Withholding. The Company or any employer affiliate has the authority and the right to deduct or withhold, or require Grantee to remit to the employer, an amount sufficient to satisfy federal, state, and local taxes (including Grantee’s
FICA obligation) required by law to be withheld with respect to any taxable event arising as a result of the exercise of the SARs. The withholding requirement may be satisfied, in whole or in part, at the election of the Secretary, by withholding
from the SAR Shares having a Fair Market Value on the date of withholding equal to the minimum amount (and not any greater amount) required to be withheld for tax purposes, all in accordance with such procedures as the Secretary establishes.

 7. Limitation of Rights. The SARs do not confer to Grantee or Grantee’s beneficiary any rights of a shareholder of the Company
unless and until Shares are in fact issued to such person in connection with the exercise of the SARs. Nothing in this Agreement shall interfere with or limit in any way the right of the Company or any affiliate to terminate Grantee’s
employment at any time, nor confer upon Grantee any right to continue in the employment of the Company or any affiliate. 
 8. Restrictions
on Transfer and Pledge. No right or interest of Grantee in the SARs may be pledged, encumbered, or hypothecated to or in favor of any party other than the Company or an affiliate, or shall be subject to any lien, obligation, or liability of
Grantee to any other party other than the Company or an affiliate. The SARs are not assignable or transferable by Grantee other than by will or the laws of descent and distribution; provided, however, that the Committee may (but need not) permit
other transfers as permitted under the terms of the Plan. The SARs may be exercised during the lifetime of Grantee only by Grantee or any permitted transferee. 
 9. Restrictions on Issuance of Shares. If at any time the Committee shall determine in its discretion, that registration, listing or qualification of the Shares covered by the SARs, or the consent
or approval of any governmental regulatory body, is necessary or desirable as a condition to the exercise of the SARs, the SARs may not be exercised in whole or in part unless and until such registration, listing, qualification, consent or approval
shall have been effected or obtained free of any conditions not acceptable to the Committee. 
 10. Plan Controls. The terms contained in
the Plan are incorporated into and made a part of this Agreement and this Agreement shall be governed by and construed in accordance with the Plan. In the event of any actual or alleged conflict between the provisions of the Plan and the provisions
of this Agreement, the provisions of the Plan shall be controlling and determinative. 
 11. Successors. This Agreement shall be binding
upon any successor of the Company, in accordance with the terms of this Agreement and the Plan. 
 12. Severability. If any one or more
of the provisions contained in this Agreement is invalid, illegal or unenforceable, the other provisions of this Agreement will be construed and enforced as if the invalid, illegal or unenforceable provision had never been included. 

13. Notice.

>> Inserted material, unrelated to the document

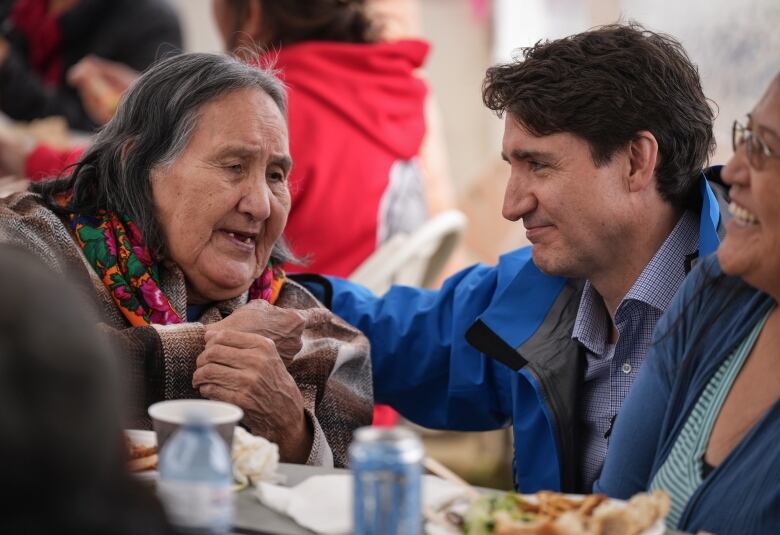 An older Indigenous woman speaks to a white man at a table, with other people visible in the background.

Notices and communications under this Agreement must be in writing and either personally delivered or sent by registered or certified
United States mail, return receipt requested, postage prepaid. Notices to the Company must be addressed to: 
 Genuine Parts Company 

2999 Circle 75 Parkway 
 Atlanta, Georgia 30339

 Attn: Secretary 
 or any other
address designated by the Company in a written notice to Grantee. Notices to Grantee will be directed to the address of Grantee then currently on file with the Company, or at any other address given by Grantee in a written notice to the Company.